• **DATA IN THIS EXERCISE**
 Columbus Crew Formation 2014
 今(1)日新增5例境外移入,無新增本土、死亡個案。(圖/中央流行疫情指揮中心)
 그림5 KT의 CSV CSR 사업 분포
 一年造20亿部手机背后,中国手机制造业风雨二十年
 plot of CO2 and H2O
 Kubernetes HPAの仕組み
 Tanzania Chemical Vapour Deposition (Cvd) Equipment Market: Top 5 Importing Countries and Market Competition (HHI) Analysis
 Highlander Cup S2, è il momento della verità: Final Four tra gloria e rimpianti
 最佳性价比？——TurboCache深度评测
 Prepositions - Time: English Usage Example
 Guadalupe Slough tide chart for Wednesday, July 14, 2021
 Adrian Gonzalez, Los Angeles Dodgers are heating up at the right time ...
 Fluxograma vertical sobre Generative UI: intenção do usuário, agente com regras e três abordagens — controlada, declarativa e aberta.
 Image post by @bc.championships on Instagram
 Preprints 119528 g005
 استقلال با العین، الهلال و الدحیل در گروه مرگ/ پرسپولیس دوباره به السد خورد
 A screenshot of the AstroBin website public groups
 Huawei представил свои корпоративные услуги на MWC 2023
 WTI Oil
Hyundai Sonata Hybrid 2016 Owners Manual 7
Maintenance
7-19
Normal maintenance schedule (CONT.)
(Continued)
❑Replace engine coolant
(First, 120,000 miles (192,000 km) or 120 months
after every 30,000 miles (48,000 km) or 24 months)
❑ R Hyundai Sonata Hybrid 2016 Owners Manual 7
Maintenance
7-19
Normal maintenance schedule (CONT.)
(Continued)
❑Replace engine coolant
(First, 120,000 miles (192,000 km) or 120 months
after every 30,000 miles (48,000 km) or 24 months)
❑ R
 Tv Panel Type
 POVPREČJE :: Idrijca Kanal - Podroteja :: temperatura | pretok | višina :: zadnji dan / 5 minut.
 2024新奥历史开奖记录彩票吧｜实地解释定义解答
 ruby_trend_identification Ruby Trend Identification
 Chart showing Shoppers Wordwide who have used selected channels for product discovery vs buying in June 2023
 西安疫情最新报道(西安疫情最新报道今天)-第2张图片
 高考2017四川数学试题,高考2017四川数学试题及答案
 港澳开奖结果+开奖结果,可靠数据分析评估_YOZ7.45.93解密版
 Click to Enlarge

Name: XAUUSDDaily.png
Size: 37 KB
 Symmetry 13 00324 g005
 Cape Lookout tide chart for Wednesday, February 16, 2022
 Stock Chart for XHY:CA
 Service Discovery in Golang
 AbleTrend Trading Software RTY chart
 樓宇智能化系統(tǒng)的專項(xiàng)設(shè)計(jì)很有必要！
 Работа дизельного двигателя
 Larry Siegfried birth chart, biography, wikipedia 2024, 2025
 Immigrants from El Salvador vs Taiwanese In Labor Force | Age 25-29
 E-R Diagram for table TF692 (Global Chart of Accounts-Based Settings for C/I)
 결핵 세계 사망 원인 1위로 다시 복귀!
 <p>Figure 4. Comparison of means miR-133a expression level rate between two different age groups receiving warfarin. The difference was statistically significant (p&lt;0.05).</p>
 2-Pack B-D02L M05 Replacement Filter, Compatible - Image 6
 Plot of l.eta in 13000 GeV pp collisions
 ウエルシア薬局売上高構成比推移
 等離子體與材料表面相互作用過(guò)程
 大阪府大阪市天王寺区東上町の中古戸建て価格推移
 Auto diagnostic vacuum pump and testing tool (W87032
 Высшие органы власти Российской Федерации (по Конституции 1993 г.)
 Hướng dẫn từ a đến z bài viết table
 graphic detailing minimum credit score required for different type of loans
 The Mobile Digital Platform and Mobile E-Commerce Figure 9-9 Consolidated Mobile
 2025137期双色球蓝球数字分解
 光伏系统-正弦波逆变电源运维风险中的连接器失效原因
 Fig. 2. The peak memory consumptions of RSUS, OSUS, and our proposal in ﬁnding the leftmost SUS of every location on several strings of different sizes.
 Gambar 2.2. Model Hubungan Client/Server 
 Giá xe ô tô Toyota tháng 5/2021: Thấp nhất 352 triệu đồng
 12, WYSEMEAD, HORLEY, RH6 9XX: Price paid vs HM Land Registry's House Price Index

• **WHAT TO PRODUCE**
Show all lines above holding "Manual".

• **RESULT OF THE TASK**
Hyundai Sonata Hybrid 2016 Owners Manual 7
❑ R Hyundai Sonata Hybrid 2016 Owners Manual 7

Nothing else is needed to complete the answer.